Dernier délai pour les recours

Quel est, alors, dans le cadre de ce litige, le point de départ de la prescription et plus précisément quel est "le jour où le titulaire d'un droit a connu ou aurait dû connaître les faits lui permettant de l'exercer" ? La publication du décret moratoire du 9 décembre 2010 (l'action serait, dès lors, d'ores et déjà prescrite) ? Le courrier d'ERDF informant les producteurs, particuliers ou sociétés qu'ils devaient déposer une nouvelle demande de raccordement ? L'arrêté du 4 mars 2011 fixant les nouveaux tarifs d'achat d'électricité d'origine solaire ?
Il convient ici de souligner, qu'en matière de prescription, le juge saisi apprécie souverainement le moment auquel il estime que la victime d'une faute a eu connaissance des faits lui permettant d'engager une action ou "aurait dû connaître" ces faits. Cette question a, d'ailleurs, suscité un important contentieux dont il apparaît difficile de tirer un principe général1.

La détermination du point de départ de la prescription relève donc, in fine, de l'appréciation souveraine des juges. Dès lors, il ne serait pas surprenant que cette question, appliquée au contentieux moratoire photovoltaïque fasse, à elle seule, l'objet de débats devant le juge consulaire. Néanmoins, il est d'ores et déjà possible d'anticiper l'issue de ces débats et d'arguer en faveur d'un point de départ de la prescription au détriment d'un autre. Il s'agit, tout d'abord, de définir ce qui constitue, en l'espèce, le dommage subi par les producteurs, personnes et sociétés projetant de le devenir, pour ensuite déterminer le moment où ils ont eu ou auraient dû avoir connaissance des faits leur portant préjudice. Au regard du contentieux en cours devant les tribunaux de commerce, il est évident que le dommage est constitué par la baisse du tarif d'achat d'électricité créant, pour certains, un différentiel de gains très substantiel entre le tarif d'achat promis et le tarif appliqué voire remettant totalement en cause, pour d'autres, la viabilité économique de leur projet.
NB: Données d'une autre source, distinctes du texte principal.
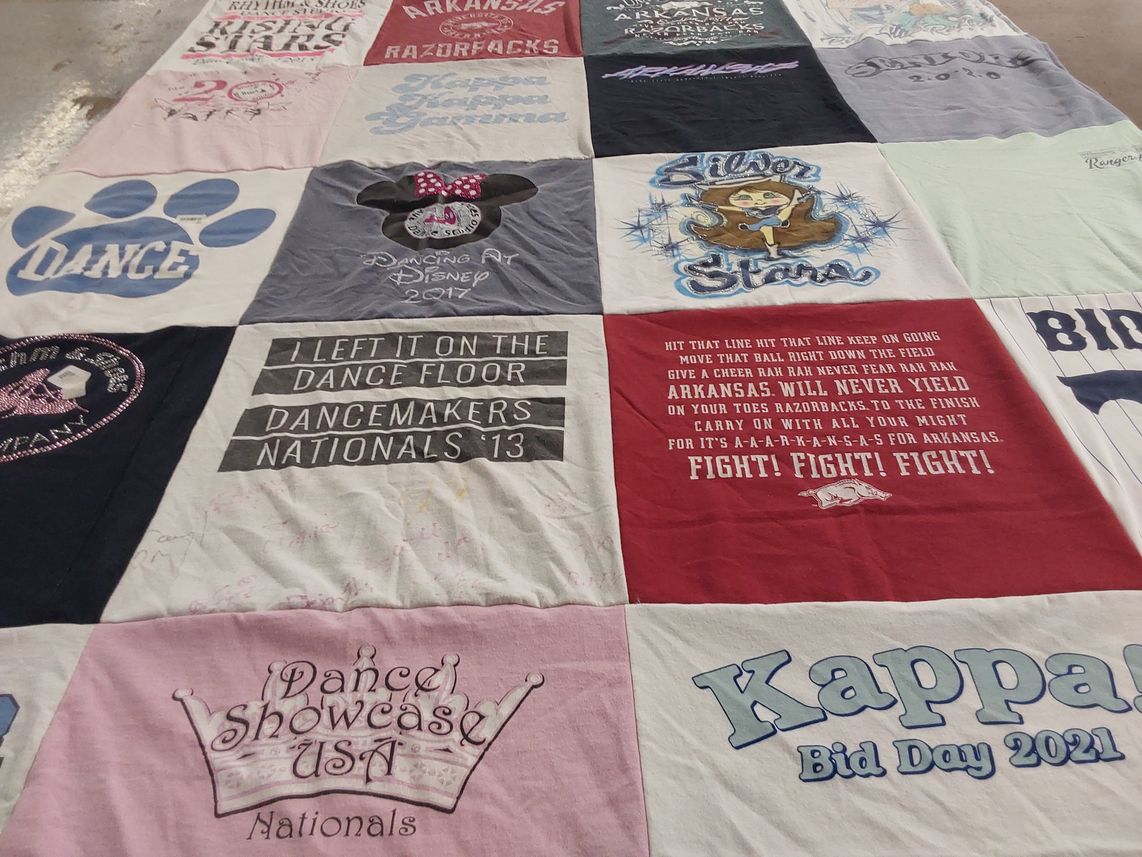 T-shirt quilt featuring arkansas razorbacks by Michelle from AR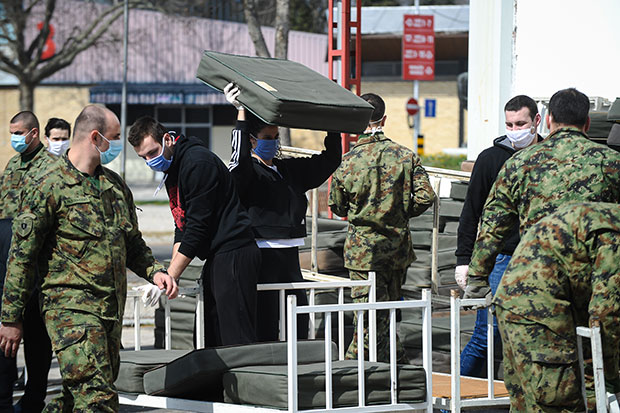 На Новосадском сајму  спремно првих  600 кревета (ВИДЕО/ФОТО)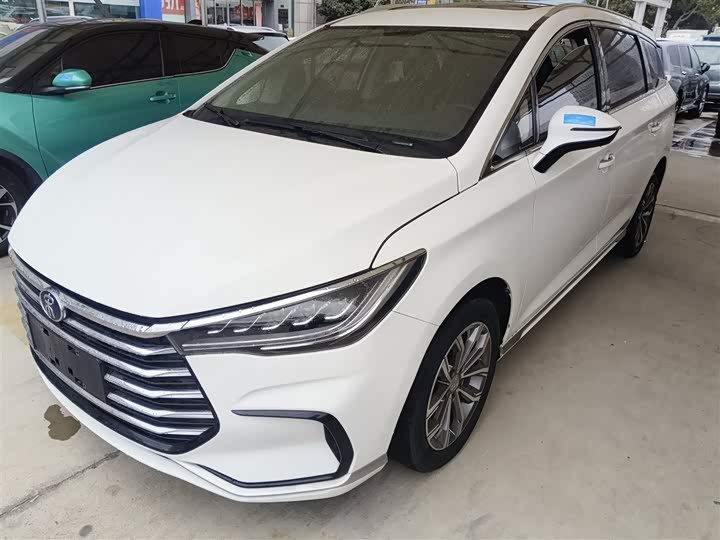 Фото 1 - BYD Song Max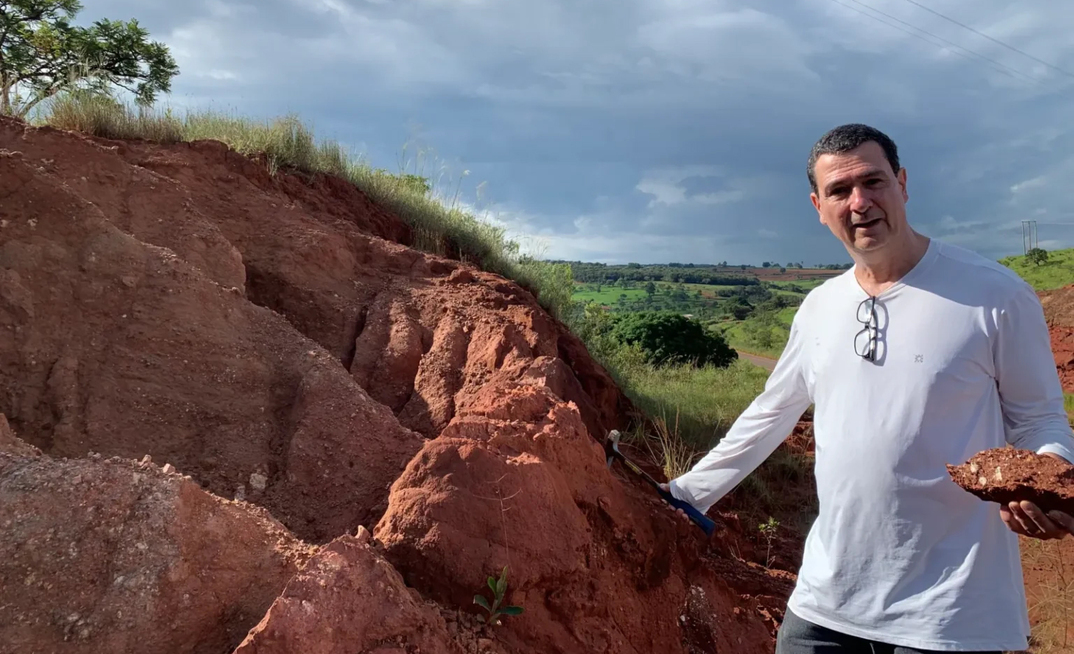 Geólogo Rodrigo Mello, consultor da Resouro, no projeto de titânio e terras raras Tiros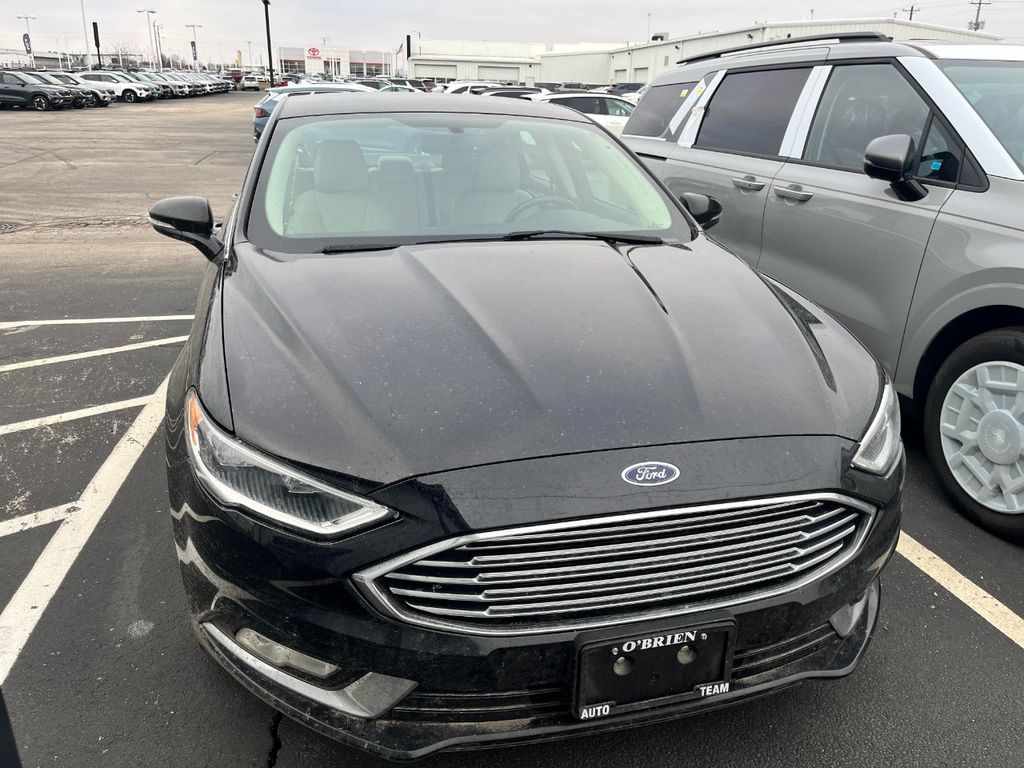 2018 Ford Fusion Hybrid Titanium's photo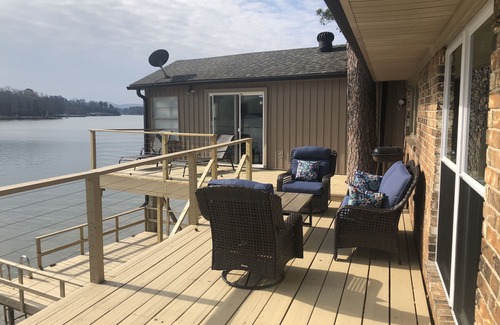 Piney House | The Lake House and Spa in One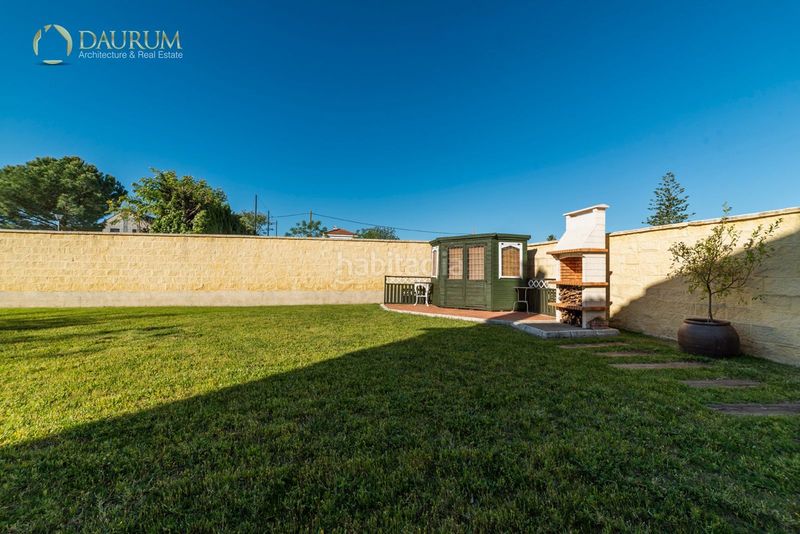 Foto 479cd686-d458-48c9-afde-83a97eba2348. Casa amb aparcament a Loreto Espartinas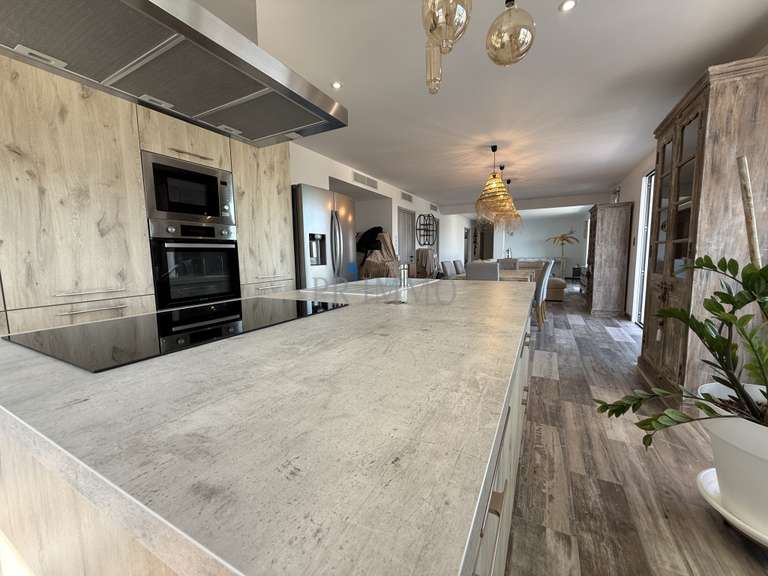 Villa avec Vue sur mer Roquebrune-sur-Argens - 5 chambres - 200m²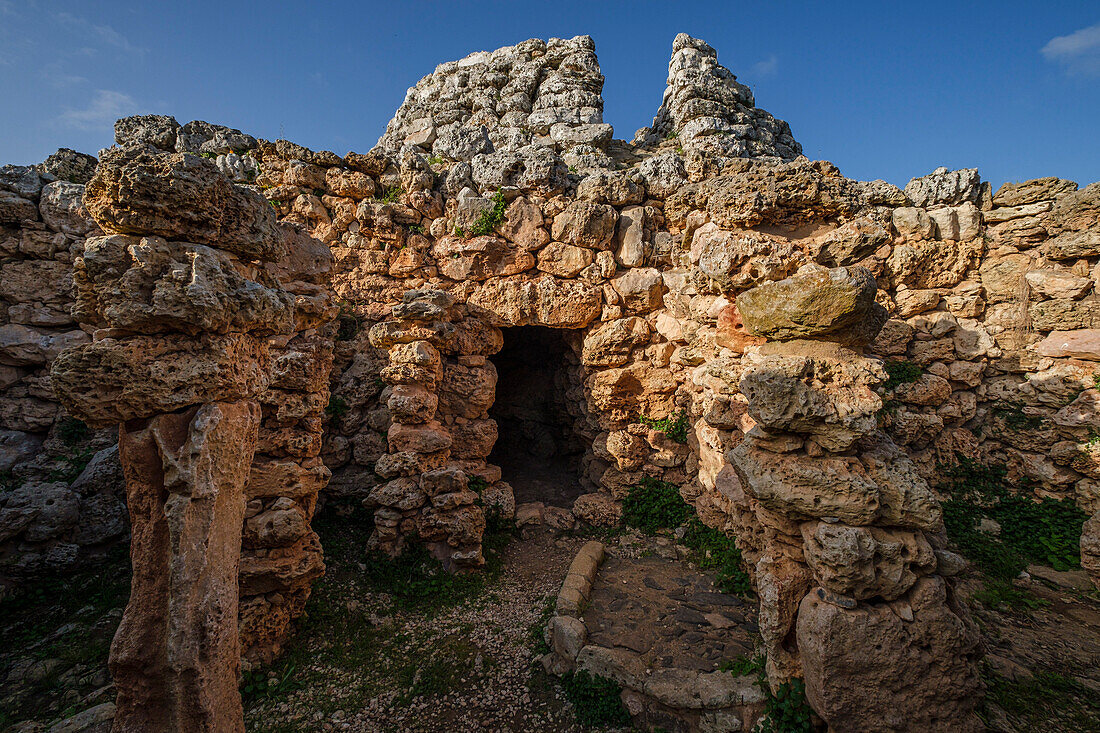 Cornia Nou, konischer Talayot und Gebäude, Maó, Menorca, Balearen, Spanien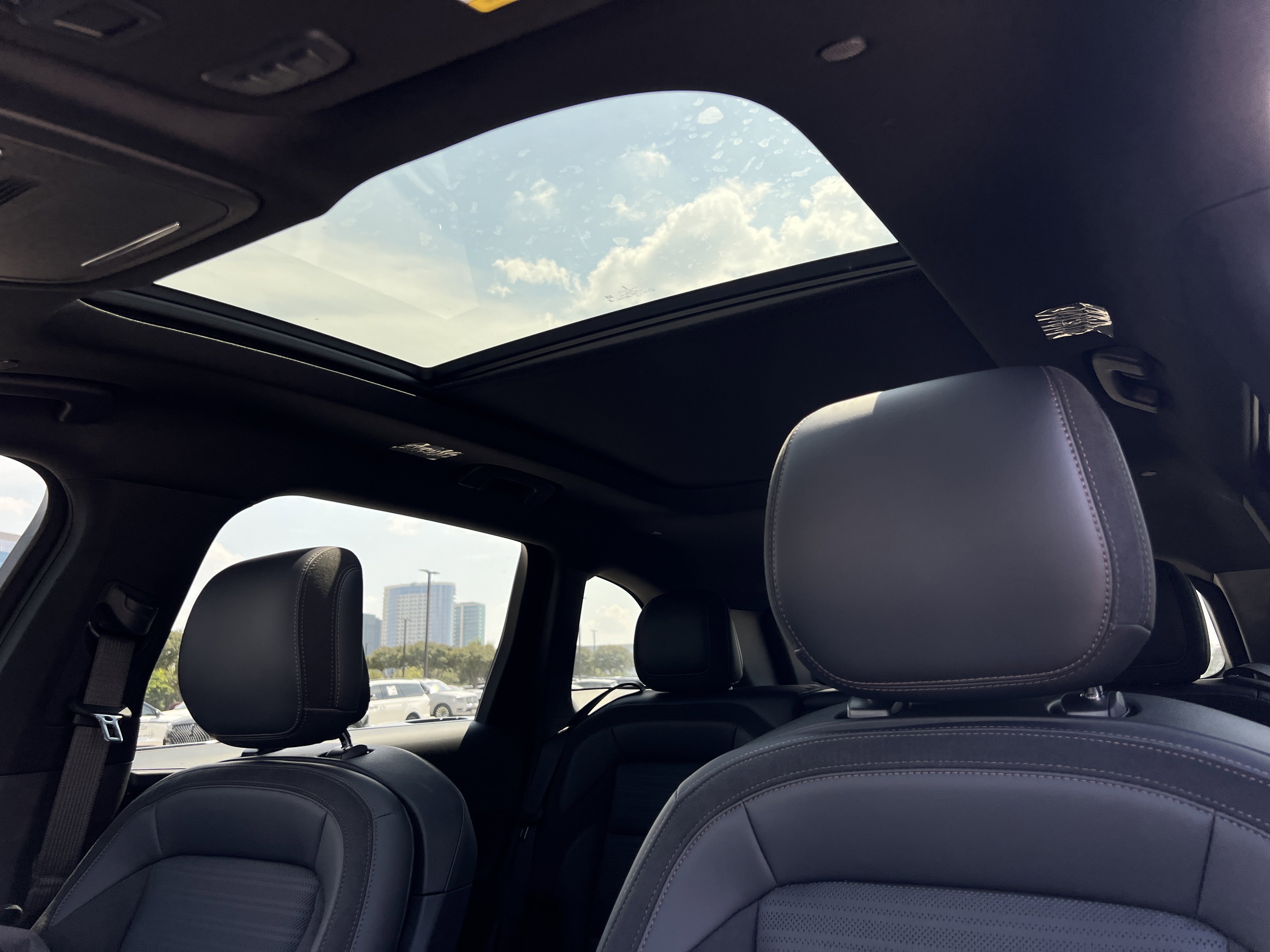 New 2025 Lincoln Nautilus Reserve w/ Jet Appearance Package image 28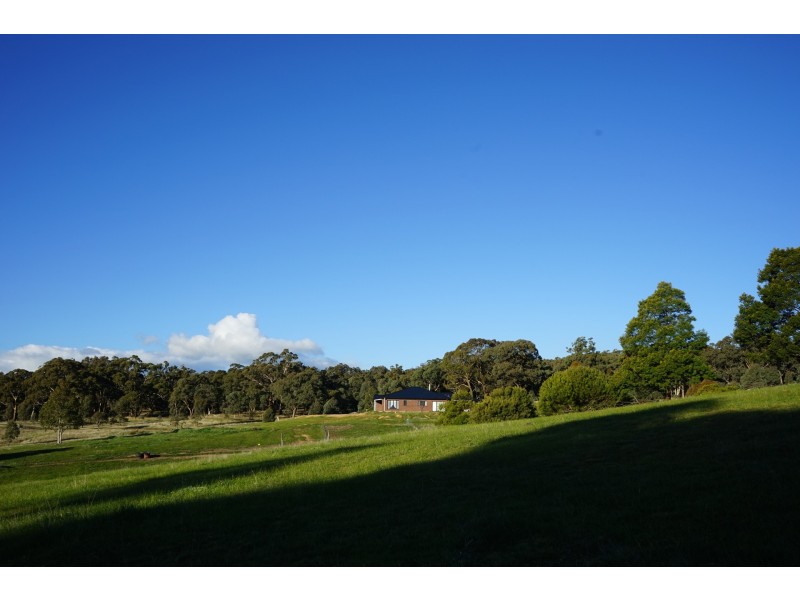 3225 Sunraysia Highway, Lexton VIC 3352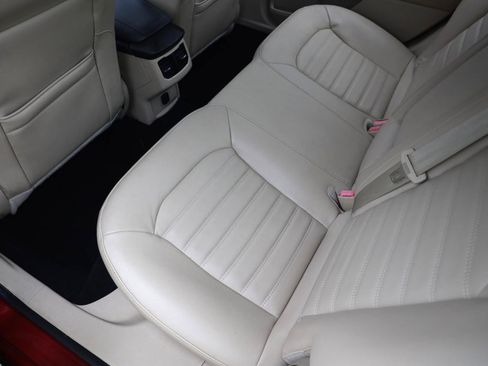 Used 2013 Ford Fusion SE FWD image 10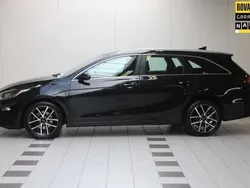 Zwart, metallic lak Gebruikt 2021 Kia Ceed Sportswagon Stationwagen | € 19.950 (Eerlijke prijs)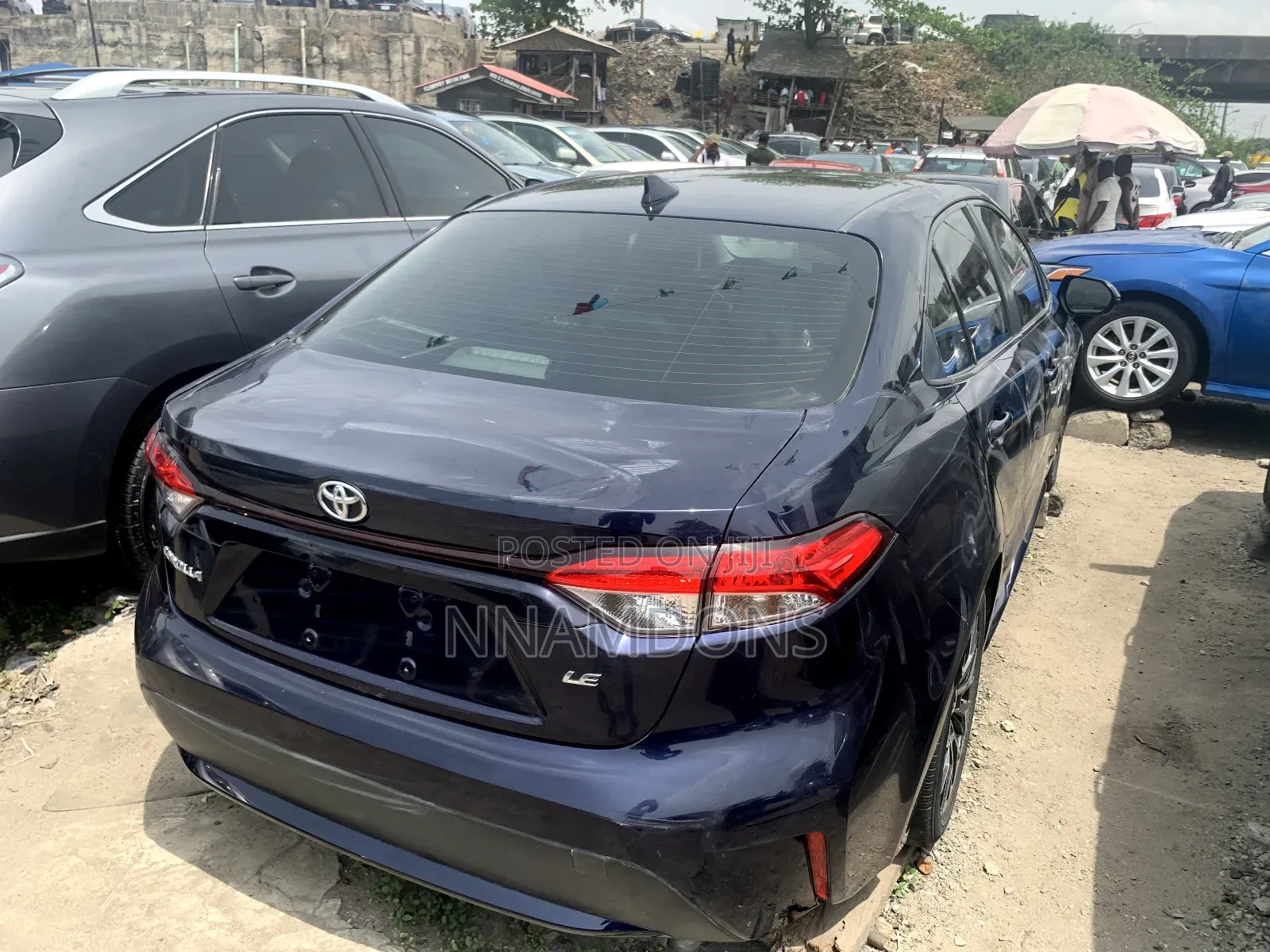 Toyota Corolla LE (1.8L 4cyl 2A) 2019 Blue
Le décret du 9 décembre 2010 pouvait-il permettre aux producteurs ou futurs producteurs d'électricité d'anticiper le préjudice qui allait en découler ? Le décret moratoire prévoit, en substance, que l'obligation d'achat d'électricité photovoltaïque est suspendue pendant une période de trois mois et qu'à l'issue de cette période, une nouvelle demande de raccordement devra être déposée. La seule lecture du décret permettait, donc, aux producteurs ou futurs producteurs d'électricité de comprendre que la demande de raccordement qu'ils avaient déposée avant le moratoire était caduque, s'ils n'avaient pas accepté la proposition technique et financière de raccordement avant le 2 décembre 2010. Toutefois, à considérer que ces derniers pouvaient en déduire (ce qui n'était pas évident) que le tarif d'achat qui leur avait été promis au moment de leur première demande allait nécessairement baisser, avaient-il réellement, à cette époque, un fondement pour introduire une action en justice ? C'est loin d'être certain dans la mesure où la démonstration de l'existence d'un préjudice réparable implique d'apporter, notamment, la preuve d'un dommage direct, certain et actuel. Ce qui n'était pas le cas.

Seul l'arrêté du 4 mars 2011 fixant les nouvelles conditions d'achat de l'électricité d'origine solaire et partant, les nouveaux tarifs d'achat de cette électricité - revus nettement à la baisse - a permis d'établir l'ampleur du préjudice tout en lui donnant un caractère certain et actuel.
La publication, le 5 mars 2011, de cet arrêté semble, ainsi, marquer le point de départ de la prescription de l'action en justice des producteurs, particuliers et sociétés lésés. Autrement dit, ceux qui n'ont pas encore introduit de recours devant le juge consulaire ont jusqu'au 5 mars 2016 pour le faire, après quoi, leur action sera jugée irrecevable car prescrite.

1 Rapport annuel de la Cour de Cassation, Le temps, La Documentation française, 2014.